_The problem_
Retype, word for word, every line starting at the line with "山東省林學(xué)副高級職稱評審條件是什么（速來避雷）" and ending with the final line of the entries; skip the pictures.

_Data excerpts_
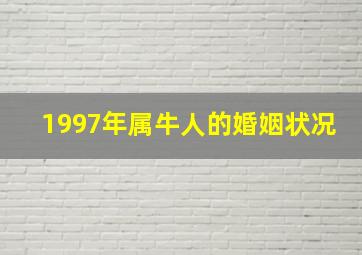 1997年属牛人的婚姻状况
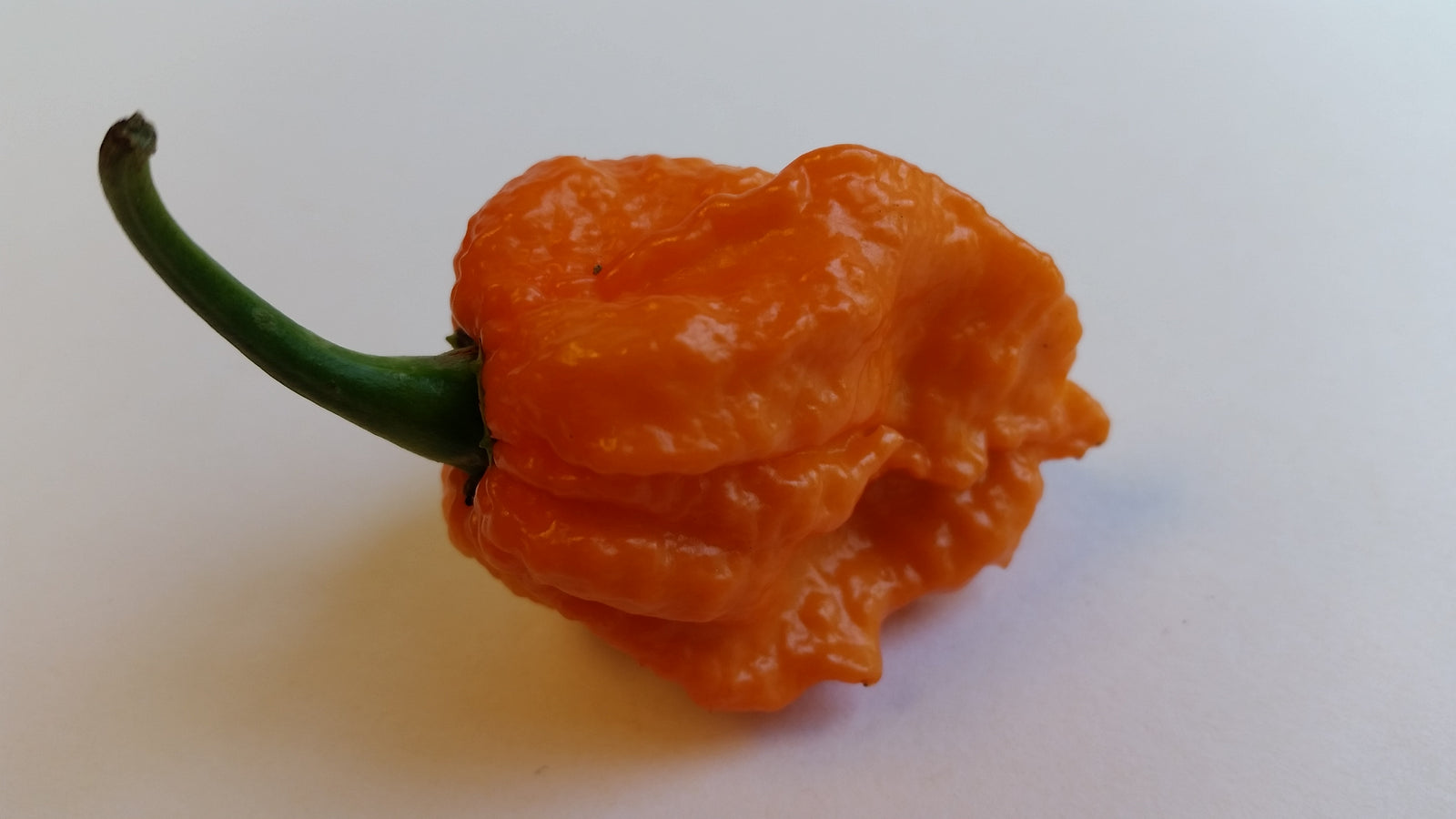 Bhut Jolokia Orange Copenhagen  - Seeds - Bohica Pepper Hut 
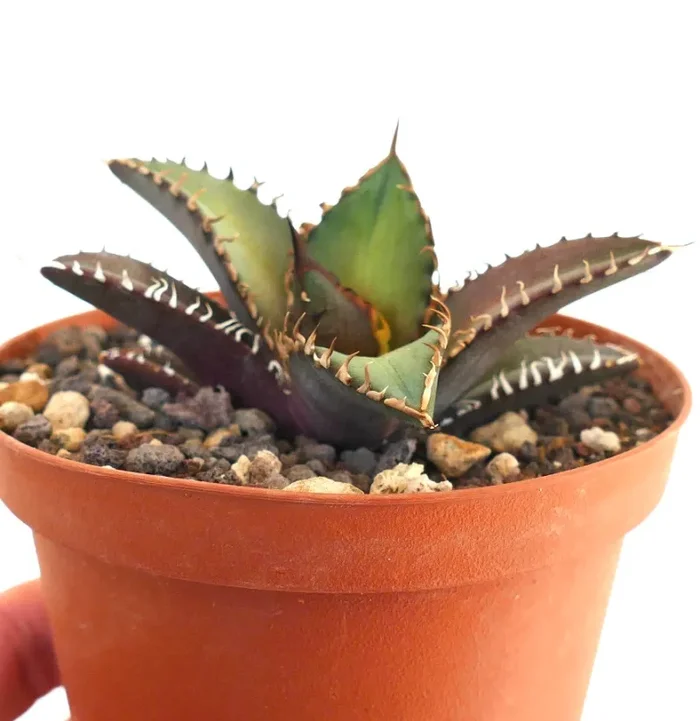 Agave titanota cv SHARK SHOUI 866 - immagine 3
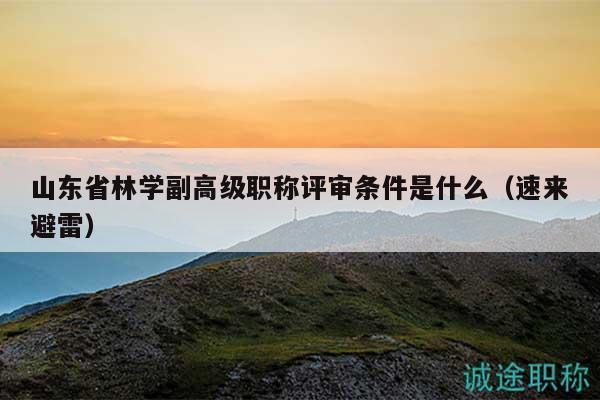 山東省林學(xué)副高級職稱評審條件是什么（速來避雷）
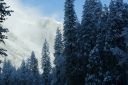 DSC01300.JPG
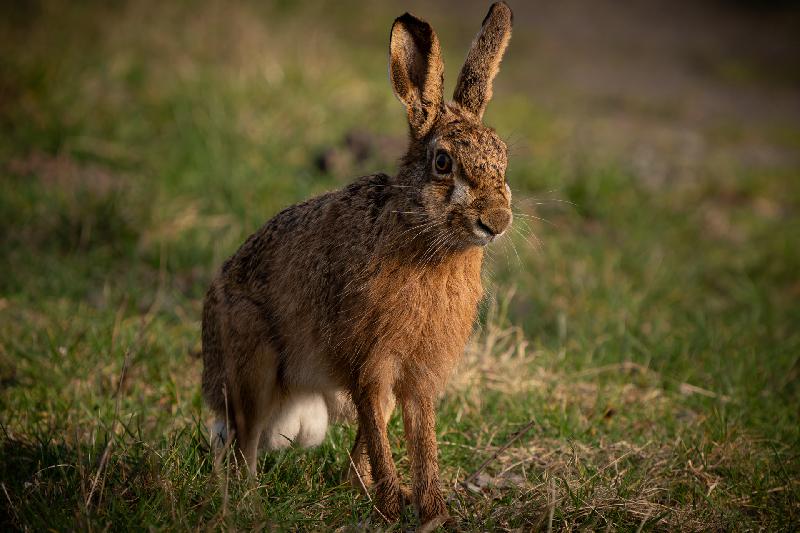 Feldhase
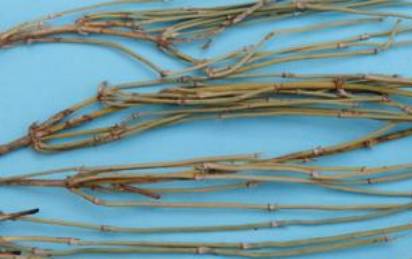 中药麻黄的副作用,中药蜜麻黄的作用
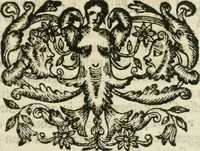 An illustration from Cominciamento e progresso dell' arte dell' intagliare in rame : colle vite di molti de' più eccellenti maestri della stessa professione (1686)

_Result of the task_
 山東省林學(xué)副高級職稱評審條件是什么（速來避雷）
 DSC01300.JPG
 Feldhase
 中药麻黄的副作用,中药蜜麻黄的作用
 An illustration from Cominciamento e progresso dell' arte dell' intagliare in rame : colle vite di molti de' più eccellenti maestri della stessa professione (1686)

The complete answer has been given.